Ma è una circostanza rischiosa, perché di quell’attacco di cui si sa già molto — ci sarà, dicono tutti contro la prassi militare basata solitamente sull’effetto a sorpresa, e sarà un mix di azioni aeree e cyber — non si conosce un unico aspetto: le conseguenze. È del tutto possibile che un raid diretto dell’Iran creerebbe un’escalation fuori controllo, ed anche per questo Teheran ha finora evitato il coinvolgimento diretto, preferendo la tutela di interessi strategici e lasciando che l’azione di disturbo contro Israele venisse condotta dalle milizie connesse al network regionale dei Pasdaran — anch’esse comunque invitate a restare su un livello di coinvolgimento minimo per evitare escalation. Ciò nonostante Israele non ha risparmiato attacchi contro il personale iraniano in Siria per esempio, ma mentre finora Teheran ha potuto gestire con resilienza e strategia la reazione, ora — dopo che i missili hanno colpito l’area dell’ambasciata di Damasco, ossia territorio iraniano — potrebbe essere chiamato a qualche dimostrazione. D’altronde, è stata la stessa Guida Suprema Ali Khamenei a dire che “colpendo una sede diplomatica”, Israele, “il malvagio regime”, “ha colpito il nostro territorio” e per questo “sarà punito”.

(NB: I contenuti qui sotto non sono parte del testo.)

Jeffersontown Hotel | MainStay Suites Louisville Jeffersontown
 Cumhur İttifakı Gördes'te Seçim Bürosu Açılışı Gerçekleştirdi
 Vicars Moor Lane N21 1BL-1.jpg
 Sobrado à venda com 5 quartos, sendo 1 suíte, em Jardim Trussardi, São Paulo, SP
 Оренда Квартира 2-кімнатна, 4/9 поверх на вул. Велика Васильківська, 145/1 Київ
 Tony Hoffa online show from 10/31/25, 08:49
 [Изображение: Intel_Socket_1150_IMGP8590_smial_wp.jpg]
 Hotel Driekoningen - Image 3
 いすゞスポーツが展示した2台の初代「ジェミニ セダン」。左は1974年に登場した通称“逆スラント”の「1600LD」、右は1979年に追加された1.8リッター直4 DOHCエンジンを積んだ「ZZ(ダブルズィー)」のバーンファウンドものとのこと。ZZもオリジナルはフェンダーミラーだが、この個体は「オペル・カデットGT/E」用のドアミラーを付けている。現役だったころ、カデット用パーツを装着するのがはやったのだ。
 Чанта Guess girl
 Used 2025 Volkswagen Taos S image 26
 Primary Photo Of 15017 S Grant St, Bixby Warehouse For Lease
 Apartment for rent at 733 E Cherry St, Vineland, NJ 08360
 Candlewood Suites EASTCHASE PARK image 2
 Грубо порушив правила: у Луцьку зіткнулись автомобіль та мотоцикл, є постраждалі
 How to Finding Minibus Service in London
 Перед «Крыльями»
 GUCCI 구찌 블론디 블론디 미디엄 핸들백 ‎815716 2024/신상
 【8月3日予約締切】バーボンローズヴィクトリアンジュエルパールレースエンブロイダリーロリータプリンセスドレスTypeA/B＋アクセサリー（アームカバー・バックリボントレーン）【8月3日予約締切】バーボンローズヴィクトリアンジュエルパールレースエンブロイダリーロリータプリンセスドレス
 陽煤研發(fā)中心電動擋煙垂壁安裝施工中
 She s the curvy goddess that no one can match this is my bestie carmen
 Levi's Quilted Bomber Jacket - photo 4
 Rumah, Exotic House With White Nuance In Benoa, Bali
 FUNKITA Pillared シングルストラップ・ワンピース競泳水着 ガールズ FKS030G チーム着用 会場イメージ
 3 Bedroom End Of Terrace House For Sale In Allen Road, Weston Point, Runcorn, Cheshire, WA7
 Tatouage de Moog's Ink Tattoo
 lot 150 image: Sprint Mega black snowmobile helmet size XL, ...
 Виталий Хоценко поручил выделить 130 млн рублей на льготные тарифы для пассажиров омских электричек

C’è da analizzare poi un ulteriore elemento, quello appunto delle milizie in vario modo connesse all’Iran. Israele sta valutando se un attacco condotto tramite esse — da Hezbollah nel fronte nord a quelle siro-irachene operative dal Golan — potrebbe essere addossato direttamente all’Iran e creare comunque i presupposti per un’escalation contro Teheran. Il fermento è totale, anche perché Israele non arresta le operazioni. Anzi, ieri ha fatto notizia l’uccisione di tre figli e tre nipoti di Ismail Haniyeh, leader politico di Hamas, probabilmente parte del nuovo step annunciato dalle forze armate israeliane. L’inizio di “un’operazione di precisione, basata sull’intelligence, per colpire le infrastrutture terroristiche ed eliminare gli agenti [di Hamas] nel centro di Gaza”. Sempre ieri, una delle figure note per aver finanziato Hamas e Hezbollah (già per questo sanzionata anche dagli Usa), e aver guidato parte del sostentamento che i Pasdaran mandavano al gruppo palestinese nella Striscia, è stato trovato morto a Beit Mery (nell’area collinare sopra Beirut). Sono situazioni che complicano il percorso dei negoziati, rendono le milizie più tese, mettono in difficoltà le capacità di controllo dell’Iran su di esse.